Even if we couldn’t see
the Mashco, it was clear that they were nearby. People in Diamante, an
hour downriver, had reported quiet raids, in which the Mashco came
looking for food and for things to steal. Torres hoped that they would
desist now that his team was feeding them, but if the rains kept them
from the meeting point there was a risk that they would start again.
At
a community meeting in Diamante, a woman named Nena, carrying a baby on
her back, stood nervously to say that she had visited her vegetable
patch—a small plot that Peruvians call a chacra—and found
indications that the Mashco had been there. It had happened a week ago,
and she was still afraid to return. Torres wanted to review the
evidence, so we crossed the river in our peke-peke, with Nena
pointing the way. Onshore, we followed her through a maize field to a
spot where she stopped and looked around fearfully. At the entrance to a
barely discernible path into the forest, she pointed at two twigs that
had been bent so that their tips crossed. Ponceano inspected them
closely, then walked on, scrutinizing the path. There were four more
sets of bent twigs: a warning left by the Mashco.
“What does it mean?” I asked.
“It means you should not go any farther,” Ponceano said. “If you do, they will shoot you with arrows.”
Nena
led us back to the riverbank, sweating and breathing in nervous gasps.
Her husband worked in a sawmill, far away, and came home only every few
months, so she tended the plot herself, often bringing along the baby
and her three older children. “I keep the baby here,” she said, touching
the bundle on her back. Then she gestured at a shaded area under some
trees. “I usually leave the others there, playing. Now I can’t do that
anymore.” With a distressed look, she said that she didn’t know how she
was going to feed her family now.
As
we approached Nomole, going back upriver, the boat crew began shouting
and pointing to the far shore. A group of people had assembled, their
reddish skin distinct against the scree of white rock. The Mashco had
returned.
Across the river, the Nomole team was
setting out from the shore: Flores and Ponceano, as well as a doctor
named Fernando Mendieta, who sometimes volunteered. To avoid disrupting
their work, Torres steered us toward a long sandbar, a hundred feet from
where the Mashco had gathered. We crept toward a large tree snagged
there, which offered us cover while we watched.
The
Mashco on the shore had very erect posture and moved economically,
seeming always to be in synch. Their leader, Kamotolo, was tall and
square-jawed, with cropped black hair, and was completely naked; so was a
younger man, who looked to be a teen-ager. There were two women, who
had long, thick hair and wore flaps of woven bark on strings around
their waists, which protected their genitals but left their bottoms
bare. Both women were pregnant, and they tended to five children, all of
them naked.

The
Mashco had a ritual greeting: they hugged visitors, put their heads on
their shoulders, and then felt inside their clothing, as if to ascertain
their sex. For perhaps forty minutes, the two groups mingled: the
Mashco touching and probing, and the Nomole team acquiescing, mostly in
good humor. The Mashco women approached Flores and, as she giggled,
touched her breasts and stomach. Kamotolo strode along the shore, sat
down in the Nomole peke-peke, and then returned to the group,
looking excited. The team had brought two large hands of bananas and set
them down near a fallen log. Kamotolo periodically went over, sat on
the log, and ate bananas, one after the other.
There
was little talk, and no sense of urgency; it was as if the Nomole team
had crossed the river to play with a group of largely mute children. A
couple of the younger Mashco swarmed Ponceano and made him race with
them, back and forth from the tree line to the shore. They seemed
delighted by his chubbiness. One of the women approached Mendieta, and
tugged at his shirt, a purple polo. He gently resisted, but the woman
finally got the shirt from him and pulled it on.

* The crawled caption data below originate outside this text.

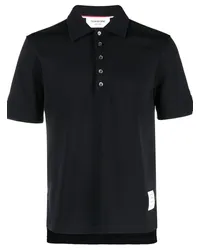 Thom Browne Poloshirt aus Pikee mit Streifen Blau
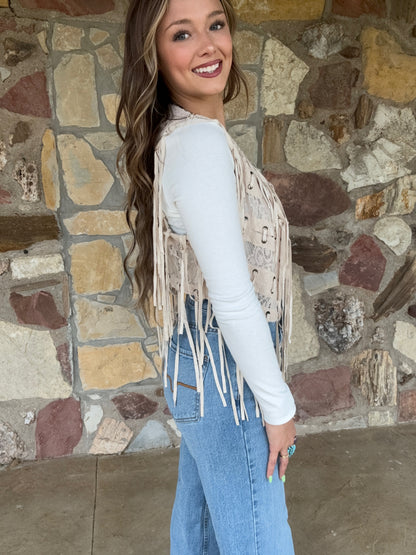 Lonesome Lace Suede Vest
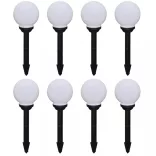 8 db kültéri gyalogjáró LED-lámpa cölöppel 15 cm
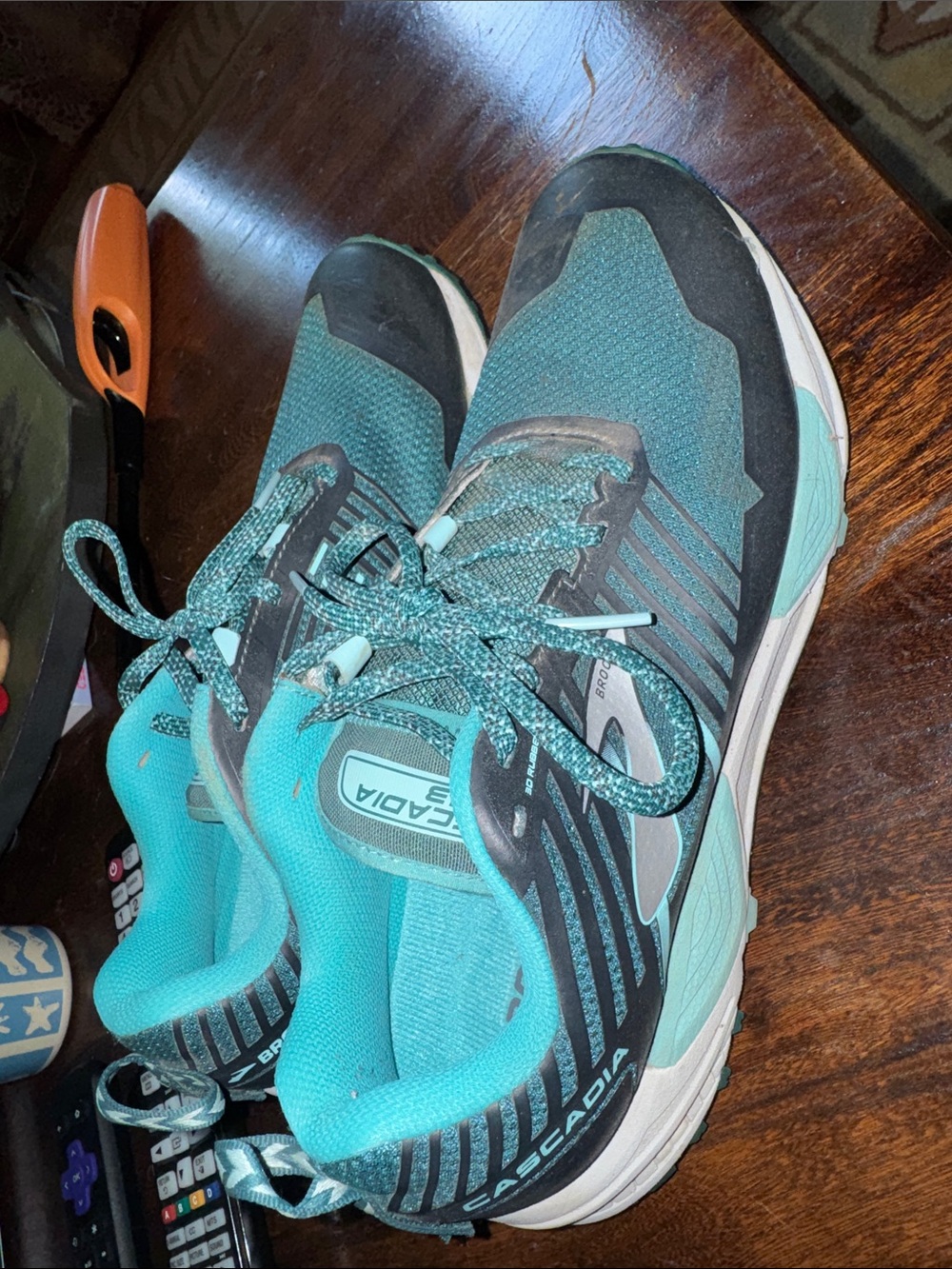 Brooks Cascadia Women's Teal Trail Running Shoes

When the team climbed into the peke-peke
to leave, the Mashco lined up to watch. As the boat pulled away,
Kamotolo began staring at us and shouting. I had seen him questioning
Ponceano about us, pointing in our direction. Now, without the team
there to distract them, the Mashco began throwing rocks, which splashed
into the river. We hastily followed the Nomole team back to the outpost.
On
the riverbank, the team members were elated, swapping stories about
their interactions. When I asked Flores about the women, she put a hand
to her mouth in embarrassment. “They felt my breasts and stomach and
said to me, ‘You’re pregnant, aren’t you?’ When I said, ‘No, I’m not,’

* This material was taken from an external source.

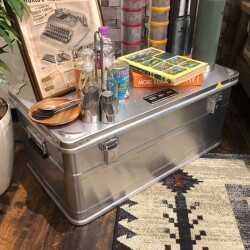コンテナ ダルトン DULTON アルミコンテナ「コンボイ2」エックスエル ALUMINUM CONTAINER "CONVOY2" XL H23-0667XL ボックス 収納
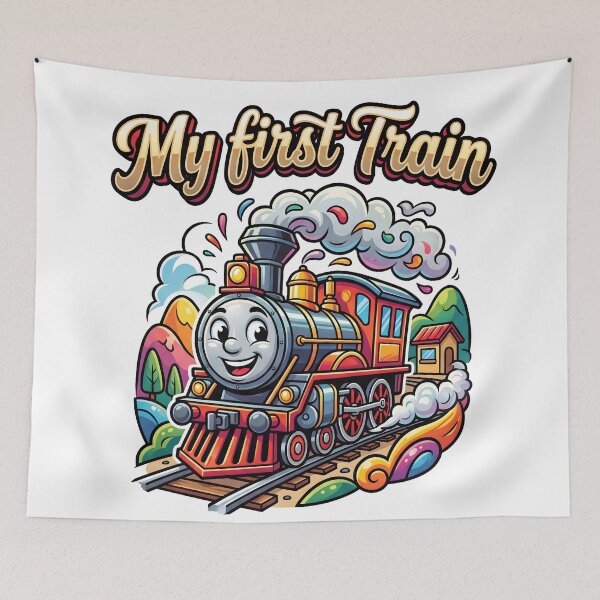 Item preview, My First Train Cute Cartoon Design designed and sold by castillomiami.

they said, ‘Tell us the truth! Don’t you have milk?’ When I said no,
Knoygonro squirted her milk in my face, to say, ‘I do.’ ” Flores covered her mouth again, giggling.
The
team spent the rest of the day making notes and going over photos,
identifying the Mashco who had appeared, while Ponceano translated their
names. Kamotolo meant “honeybee.” The younger man was Tkotko (“king
vulture”), and the two women were Knoygonro (“tortoise”) and Chawo
(“hoatzin bird”). The children, too, were named for animals, except for
one toddler, Serologeri, whose name meant “ripe banana.”
The
Mashco had carefully examined the Nomole team’s gear and
clothing—looking, Ponceano believed, for weapons, or for anything else
they might find useful. They had removed the drawstring from Laureano’s
shorts and kept it. Kamotolo had been interested in Ponceano’s shorts,
too, but then he noticed a big hole in the crotch and told him to keep
them.
Ponceano
had inquired about the warning signs near Nena’s farm, and Kamotolo had
hinted that the Mashco had been in the area, but offered no details.

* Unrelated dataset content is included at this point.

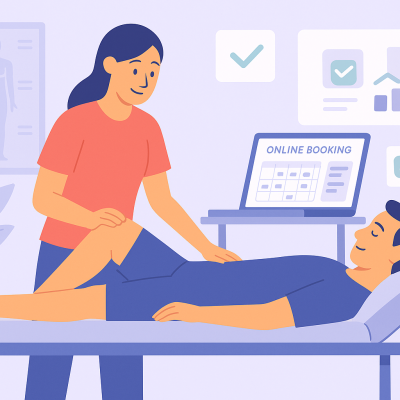 Agenda y reservas online para centros de fisioterapia y masajes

Ponceano had let the matter drop; he had learned in previous encounters
that when he asked too many questions Kamotolo rounded up the others and
left.
I asked what the Mashco had said when they saw
us on the sandbar. Flores told me, “They said, ‘Are they bad people?’ I
said, ‘No, they are our friends, but they’re not coming over because
they have colds, and we don’t want you to catch them.’ ” (In fact, the
whole team was healthy; Flores was trying to keep the encounter under
control.) The Mashco, seeming unconcerned, had said, “Tell them to
come!”
Before the Nomole team departed, Kamotolo said
that the Mashco would return in three days. The visits were getting
more frequent, but Torres seemed as concerned as he was pleased. “Right
now, it’s bananas they want,” he said. “But what will they be asking us
for in a few years’ time? What will be the turning point?”
At
sundown, Nomole’s gas-powered generator was turned on for an hour to
pump water into a plastic tank that sat on stilts, so that people could
bathe under a rudimentary shower. Afterward, we met around the table in
the longhouse, eating dinner and talking, almost exclusively about the
Mashco.

One
of the team members, an anthropologist named Waldo Maldonado, was a
voluble presence in the conversation. Maldonado, a short, bearded man
with a fondness for Indiana Jones-style leather boots, was from Cuzco,
and before joining the Department of Native Isolated People he had
worked as a guide for ecotourists in Manú National Park. He was trying
to lose weight, and so, while the rest of us ate dinner, he would unfurl
a piece of embroidered Andean cloth and take out a bag of coca leaves.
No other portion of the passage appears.